I hadn’t been to this airport before. After going through security I headed straight to the one coffee shop in sight.
There was a queue for ordering, but it could have been worse. A horde of peopIe converged on the cafe after me, and I was relieved I'd reached the line-up just ahead of them. By the time I clasped eager hands around my coffee, the queue snaked away from the cafe's counter across the terminal space.
It was only then, when I moved away from the crowd, that I realised the space opened up to a whole food court containing numerous coffee shops - with no queues and very few customers. I’d had to battle the hordes for somewhere to sit but here, at these previously hidden outlets, there were plenty of seats.
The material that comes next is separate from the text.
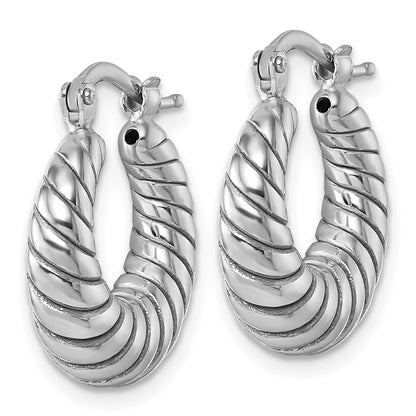 Sterling Silver Rhodium Plated Polished Twisted Hoop Earrings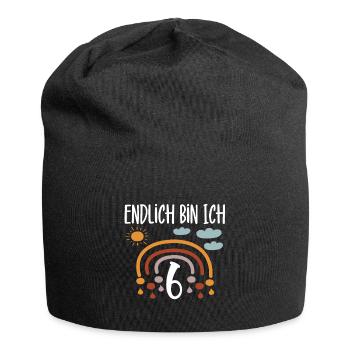 6. Geburtstag Endlich ich bin 6 Kindergeburtstag - Jersey-Beanie - Schwarz - Vorne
I had to chuckle at myself. When I entered the terminal, I was so fixated by my quest for coffee I could only see the one cafe. Like a sleep-deprived sheep I'd headed straight for the crowd, believing it was my only chance at a caffeine hit before boarding (and after all that, the coffee was only average). I didn’t look further than what was right in front of me, even though logic would suggest a city airport would have more than one coffee shop.
So what does coffee have to do with communication? This incident reminded me of a common trap for many of us. Whether at work or in our relationships with friends or family, we can fool ourselves into believing we're good listeners; skilled at extracting meaning from others. What we're more likely to do is latch onto the obvious comment or facial expression in front of us, when there could be a whole host of other meanings lying just beneath it.
In Crucial Conversations by Al Switzler, Joseph Grenny and Ron McMillan, the authors describe the "path to action" we commonly take when communicating. We see or hear something, then tell ourselves a story about it based on our own back story and experience. That story might be very different from the facts, but that doesn’t stop us.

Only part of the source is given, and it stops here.